## Excerpted data

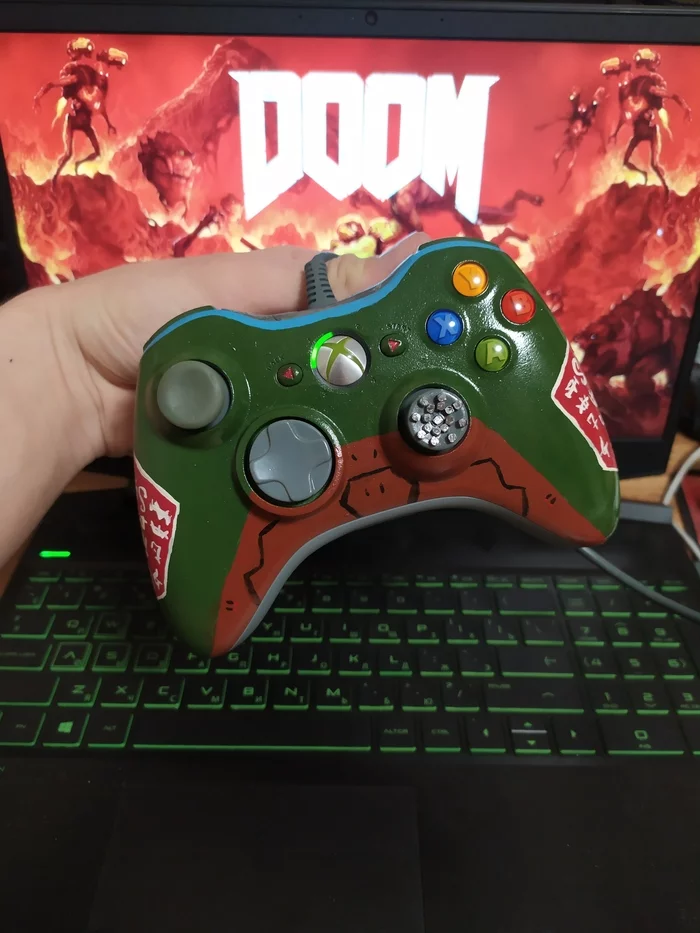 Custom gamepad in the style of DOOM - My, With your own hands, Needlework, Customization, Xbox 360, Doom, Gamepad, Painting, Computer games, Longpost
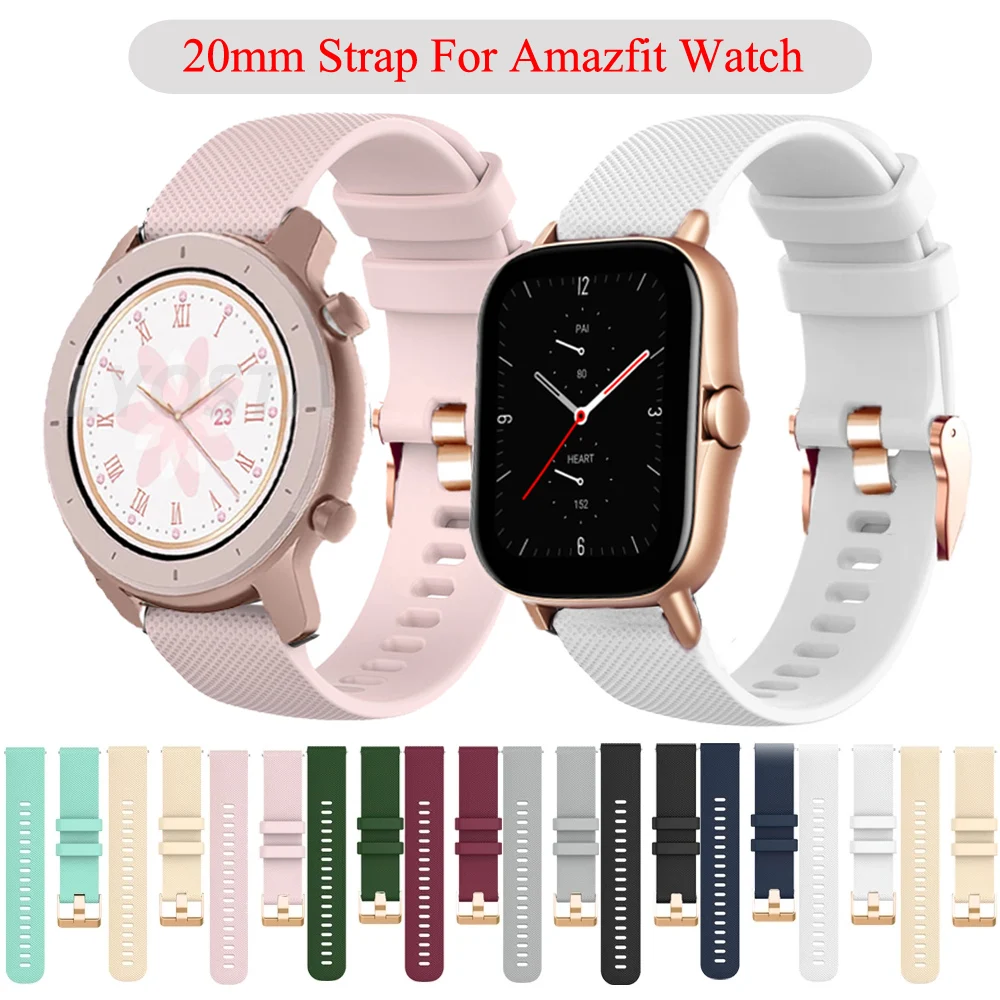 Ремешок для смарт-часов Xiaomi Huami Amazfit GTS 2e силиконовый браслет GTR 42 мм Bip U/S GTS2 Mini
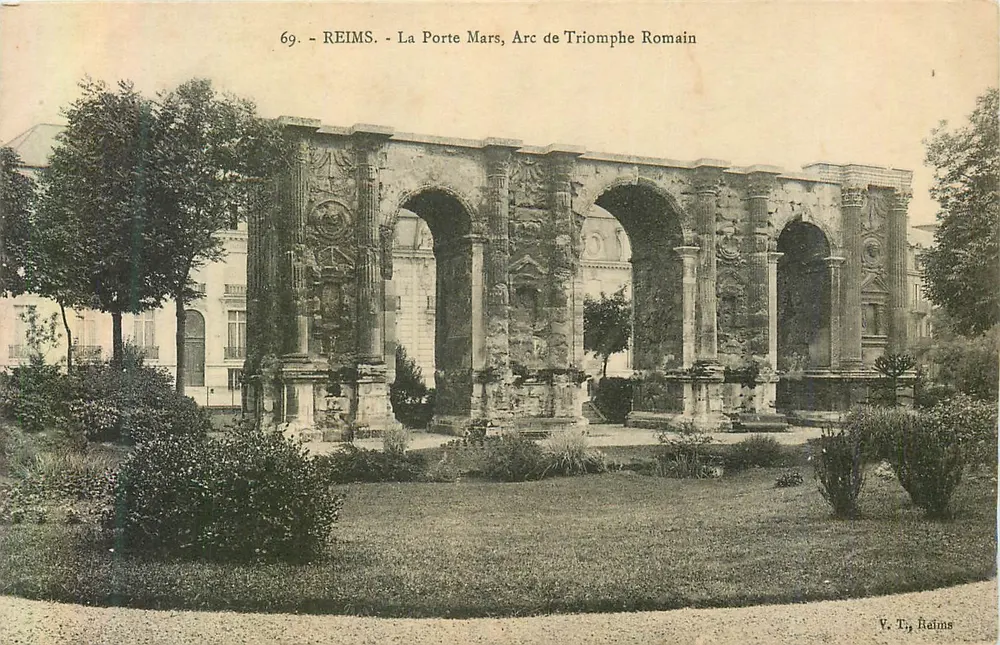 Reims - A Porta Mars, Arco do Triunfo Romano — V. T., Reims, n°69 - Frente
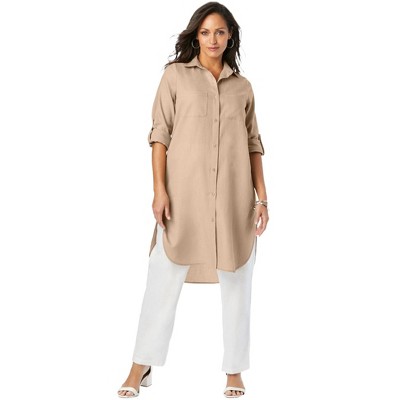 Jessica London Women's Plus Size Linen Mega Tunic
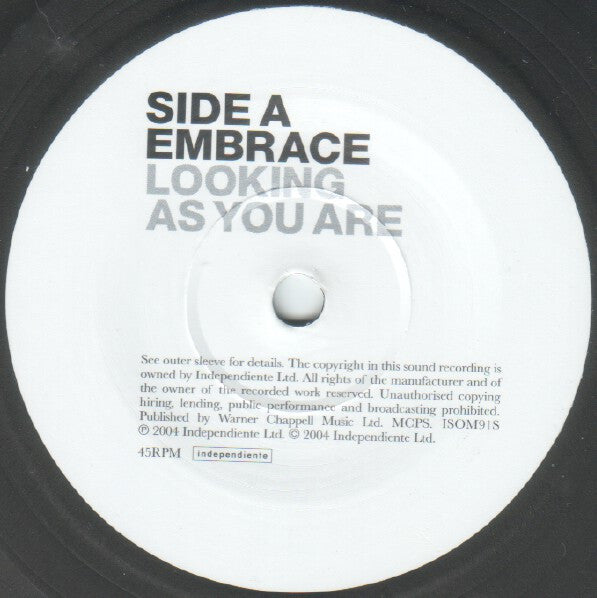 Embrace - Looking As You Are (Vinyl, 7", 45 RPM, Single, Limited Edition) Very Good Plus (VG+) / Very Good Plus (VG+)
==
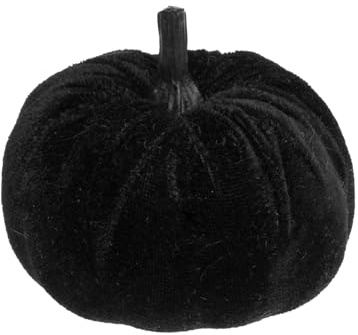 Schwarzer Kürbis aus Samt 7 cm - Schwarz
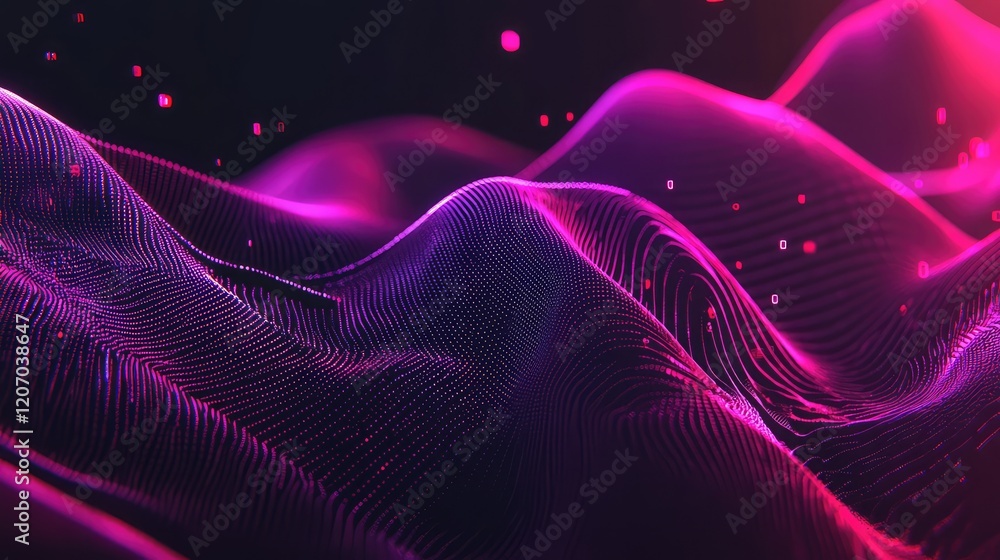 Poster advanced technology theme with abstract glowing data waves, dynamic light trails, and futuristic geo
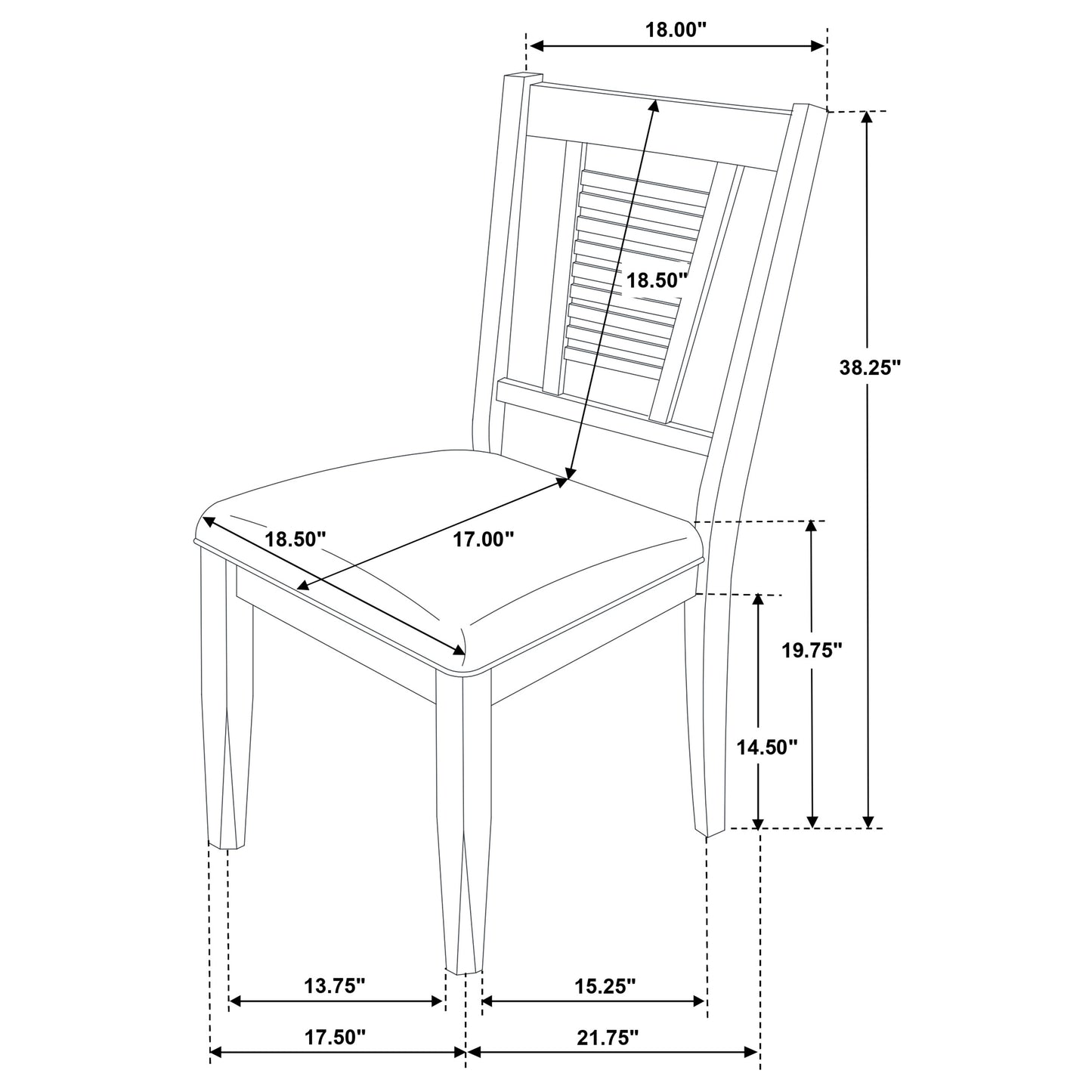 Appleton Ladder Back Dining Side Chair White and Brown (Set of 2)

## Exercise brief
What you need to produce is an exact copy of the entries above, limited to the lines from the one with "Schwarzer Kürbis aus Samt 7 cm - Schwarz" up to and including the one with "Appleton Ladder Back", without pictures.

## Response to the exercise
 Schwarzer Kürbis aus Samt 7 cm - Schwarz
 Poster advanced technology theme with abstract glowing data waves, dynamic light trails, and futuristic geo
 Appleton Ladder Back Dining Side Chair White and Brown (Set of 2)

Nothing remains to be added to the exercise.